How do you solve # 4x^2+3=8x#?

2 Answers
Mar 22, 2018

Answer:

The solutions to the equation are #x=1/2# and #x=3/2#.

Explanation:

We know that this is a quadratic since it has an #x^2# term in it.

To solve quadratics, first set one side equal to #0#:

#4x^2+3=8x#

#4x^2+3-8x=0#

#4x^2-8x+3=0#

Now, we have to find two numbers that multiply to #12# (the #a# term times the #c# term) and add up to #-8# (the #b# term).

After some experimentation, you will find that these two numbers are #-6# and #-2#.

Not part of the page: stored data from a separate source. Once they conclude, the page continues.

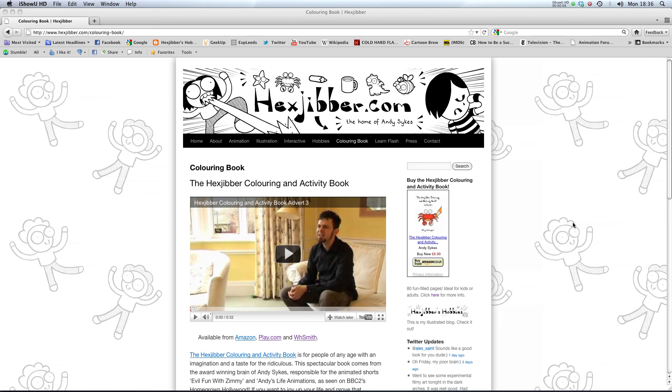Hi. If you enjoyed this lesson, why not consider checking out the Hexjibber coloring and activity book on my website Hexjibber.com. It's suitable for kids and adults alike, and you can get it from Amazon, Play.com, and WHSmiths. Cheers.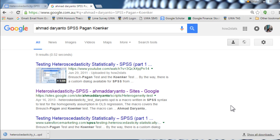In this video, I'm going to demonstrate how to conduct the Breusch-Pagan and the Koenker tests, which are used to test heteroscedasticity from a statistical significance perspective.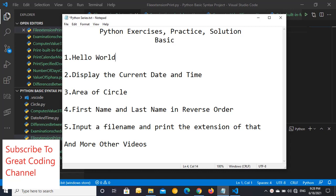Hello everyone, welcome to the next video of Python series: Python Exercise Practice Solution starting from the basic. Right now I'm explaining input a file and print the extension of that, so let's start it.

Now, split up the #x# terms into these two numbers, then factor the first two terms and the last two terms separately, and lastly, combine them:

#4x^2-6x-2x+3=0#

#color(red)(2x)(2x-3)-2x+3=0#

#color(red)(2x)(2x-3)-color(blue)1(2x-3)=0#

#(color(red)(2x)-color(blue)1)(2x-3)=0#

Now, solve for when each factor equals #0#, and those will be the solutions:

#color(white){color(black)( (2x-1=0,qquadqquad2x-3=0), (2x=1,qquadqquad2x=3), (x=1/2,qquadqquadx=3/2):}#

Those are the answers. We can check out answers by graphing the quadratic #4x^2-8x+3# on a calculator and seeing where it crosses the #x#-axis (it should cross when #x=1/2# and also when #x=3/2#):

graph{4x^2-8x+3 [-0.5, 2.5, -1.29, 0.419]}

It does, so our answers are correct. Hope this helped!

Mar 22, 2018

Answer:

#x=1/2# and #x=3/2#

Explanation:

Solve the equation by the new Transforming Method (Socratic Search).

#y = 4x^2 - 8x + 3 = 0#

Transformed equation:

#y' = x^2 - 8x + 12#.

Proceeding. Find #2# real roots of #y'#, then, divide them by #a = 4#.

Find #2# real roots knowing the sum #(-b = 8)# and the product
#(ac = 12)#. They are: #2# and #6#.

The #2# real roots of #y# are:

#x_1 = 2/a = 2/4 = color(blue)(1/2)# and #x_2 = 6/a = 6/4 = color(blue)(3/2)#.